[Short text fragments from websites]
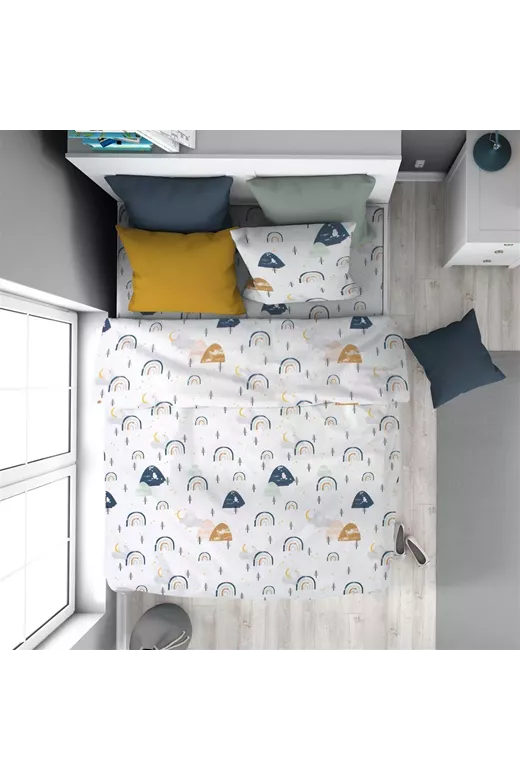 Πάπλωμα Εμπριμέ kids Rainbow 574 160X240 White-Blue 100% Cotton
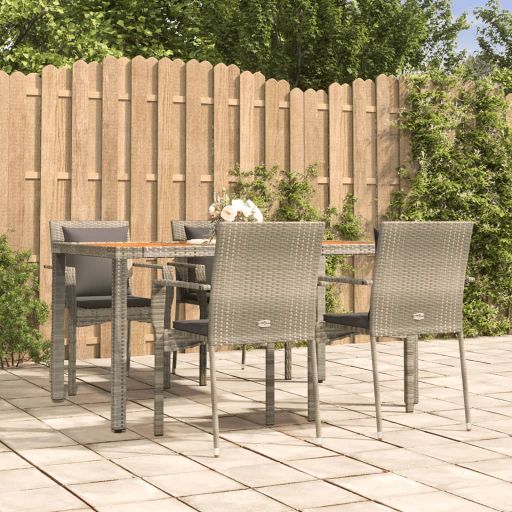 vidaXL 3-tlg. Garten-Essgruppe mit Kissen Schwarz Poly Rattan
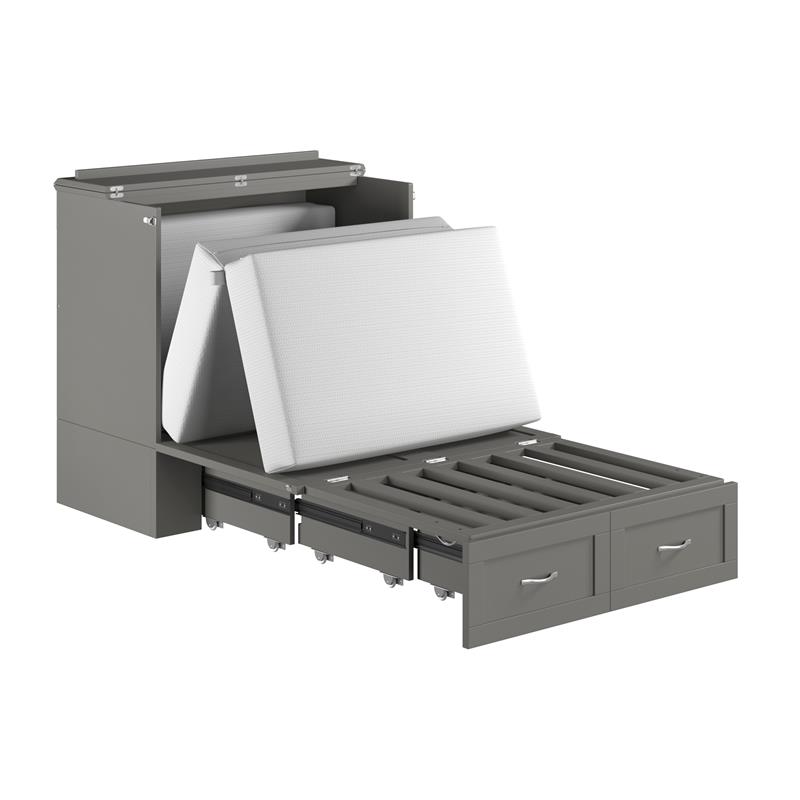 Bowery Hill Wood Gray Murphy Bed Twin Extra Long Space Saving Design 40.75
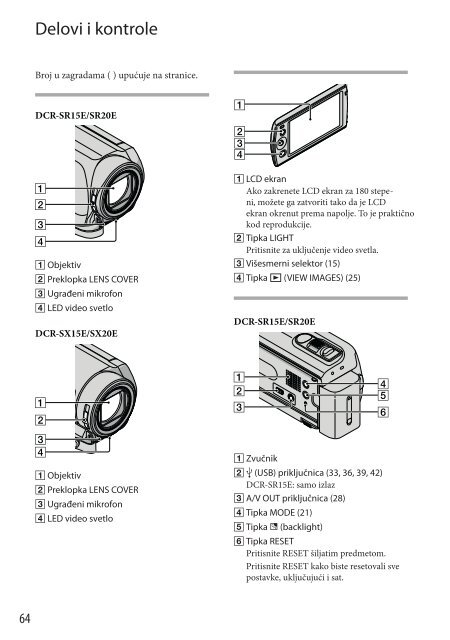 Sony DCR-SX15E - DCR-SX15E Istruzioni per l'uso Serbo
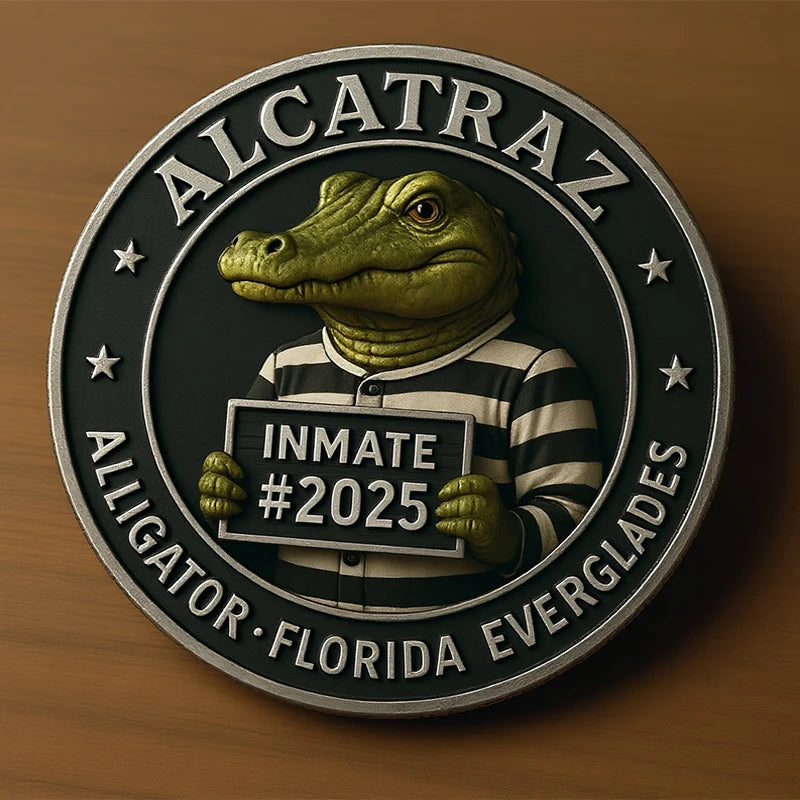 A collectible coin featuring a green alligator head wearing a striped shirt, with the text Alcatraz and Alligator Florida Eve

* **TASK**
What you return must match the lines above from the one with "vidaXL 3-tlg. Garten-Essgruppe" through the one with "Sony DCR-SX15E - DCR-SX15E" exactly, with both ends included and the pictures excluded.

* **SOLUTION**
 vidaXL 3-tlg. Garten-Essgruppe mit Kissen Schwarz Poly Rattan
 Bowery Hill Wood Gray Murphy Bed Twin Extra Long Space Saving Design 40.75
 Sony DCR-SX15E - DCR-SX15E Istruzioni per l'uso Serbo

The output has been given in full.